Work request: Within the entries that follow, show each line where the word "White" occurs.

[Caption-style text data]
'''

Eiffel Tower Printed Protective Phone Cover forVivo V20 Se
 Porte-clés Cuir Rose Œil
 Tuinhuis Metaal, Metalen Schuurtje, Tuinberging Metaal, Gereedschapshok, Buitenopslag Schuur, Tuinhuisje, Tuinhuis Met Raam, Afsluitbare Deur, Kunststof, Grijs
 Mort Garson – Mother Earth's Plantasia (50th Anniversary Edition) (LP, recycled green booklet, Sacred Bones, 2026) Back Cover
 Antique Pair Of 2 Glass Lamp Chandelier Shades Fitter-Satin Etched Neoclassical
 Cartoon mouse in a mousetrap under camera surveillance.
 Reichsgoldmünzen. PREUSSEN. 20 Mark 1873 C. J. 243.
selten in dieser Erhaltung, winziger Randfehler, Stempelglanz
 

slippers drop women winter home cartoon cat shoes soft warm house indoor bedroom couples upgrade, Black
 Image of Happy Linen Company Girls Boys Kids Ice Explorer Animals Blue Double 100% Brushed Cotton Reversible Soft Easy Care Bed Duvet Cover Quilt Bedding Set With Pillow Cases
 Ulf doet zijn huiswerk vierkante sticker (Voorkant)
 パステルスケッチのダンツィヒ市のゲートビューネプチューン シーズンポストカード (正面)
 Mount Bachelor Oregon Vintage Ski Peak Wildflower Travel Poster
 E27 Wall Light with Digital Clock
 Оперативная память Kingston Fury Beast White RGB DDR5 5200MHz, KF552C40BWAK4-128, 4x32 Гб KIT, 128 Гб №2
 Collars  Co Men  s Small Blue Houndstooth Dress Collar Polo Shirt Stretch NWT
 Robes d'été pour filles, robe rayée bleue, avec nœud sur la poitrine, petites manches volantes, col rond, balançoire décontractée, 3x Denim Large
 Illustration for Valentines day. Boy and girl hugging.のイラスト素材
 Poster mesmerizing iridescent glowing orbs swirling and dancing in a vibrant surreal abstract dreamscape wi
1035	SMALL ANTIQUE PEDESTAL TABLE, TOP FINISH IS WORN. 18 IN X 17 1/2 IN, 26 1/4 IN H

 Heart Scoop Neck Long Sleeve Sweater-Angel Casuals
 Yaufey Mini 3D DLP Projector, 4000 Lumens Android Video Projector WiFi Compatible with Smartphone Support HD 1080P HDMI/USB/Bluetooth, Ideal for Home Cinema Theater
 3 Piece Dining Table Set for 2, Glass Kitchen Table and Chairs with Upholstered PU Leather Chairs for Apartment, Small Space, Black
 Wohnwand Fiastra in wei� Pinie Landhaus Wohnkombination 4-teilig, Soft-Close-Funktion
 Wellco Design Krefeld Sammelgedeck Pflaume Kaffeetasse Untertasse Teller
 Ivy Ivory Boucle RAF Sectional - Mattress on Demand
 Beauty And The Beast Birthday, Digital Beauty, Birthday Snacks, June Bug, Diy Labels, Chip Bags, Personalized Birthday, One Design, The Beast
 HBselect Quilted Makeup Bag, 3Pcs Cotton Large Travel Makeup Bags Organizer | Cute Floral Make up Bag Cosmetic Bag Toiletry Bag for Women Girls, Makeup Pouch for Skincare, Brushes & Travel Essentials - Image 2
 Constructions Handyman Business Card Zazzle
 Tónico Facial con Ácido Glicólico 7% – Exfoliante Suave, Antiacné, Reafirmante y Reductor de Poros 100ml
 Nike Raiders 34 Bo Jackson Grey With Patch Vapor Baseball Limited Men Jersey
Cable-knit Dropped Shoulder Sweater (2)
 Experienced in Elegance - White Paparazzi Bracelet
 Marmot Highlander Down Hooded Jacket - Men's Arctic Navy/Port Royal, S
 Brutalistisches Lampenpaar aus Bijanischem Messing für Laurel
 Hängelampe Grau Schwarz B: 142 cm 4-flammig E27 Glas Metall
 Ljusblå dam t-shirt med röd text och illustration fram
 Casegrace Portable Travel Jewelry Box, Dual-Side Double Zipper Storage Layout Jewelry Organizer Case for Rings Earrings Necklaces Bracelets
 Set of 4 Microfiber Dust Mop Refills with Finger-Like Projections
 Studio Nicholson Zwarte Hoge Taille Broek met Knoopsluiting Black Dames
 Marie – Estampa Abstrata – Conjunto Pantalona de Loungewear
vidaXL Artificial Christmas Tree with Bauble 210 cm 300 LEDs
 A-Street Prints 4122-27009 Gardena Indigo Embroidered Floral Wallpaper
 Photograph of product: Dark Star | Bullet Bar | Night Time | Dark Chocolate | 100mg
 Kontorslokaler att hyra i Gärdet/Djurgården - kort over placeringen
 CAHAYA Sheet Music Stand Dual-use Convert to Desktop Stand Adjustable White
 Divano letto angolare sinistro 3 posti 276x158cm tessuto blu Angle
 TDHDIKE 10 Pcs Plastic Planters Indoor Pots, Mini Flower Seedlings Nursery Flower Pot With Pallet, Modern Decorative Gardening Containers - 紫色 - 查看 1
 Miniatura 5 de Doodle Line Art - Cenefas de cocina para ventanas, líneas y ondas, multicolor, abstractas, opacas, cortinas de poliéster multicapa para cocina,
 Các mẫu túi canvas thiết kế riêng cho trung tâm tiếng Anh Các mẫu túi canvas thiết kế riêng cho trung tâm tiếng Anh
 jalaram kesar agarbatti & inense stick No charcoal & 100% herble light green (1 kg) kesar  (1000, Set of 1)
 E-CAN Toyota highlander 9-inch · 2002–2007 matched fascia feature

'''

Exercise solution:
 Оперативная память Kingston Fury Beast White RGB DDR5 5200MHz, KF552C40BWAK4-128, 4x32 Гб KIT, 128 Гб №2
 Experienced in Elegance - White Paparazzi Bracelet
 CAHAYA Sheet Music Stand Dual-use Convert to Desktop Stand Adjustable White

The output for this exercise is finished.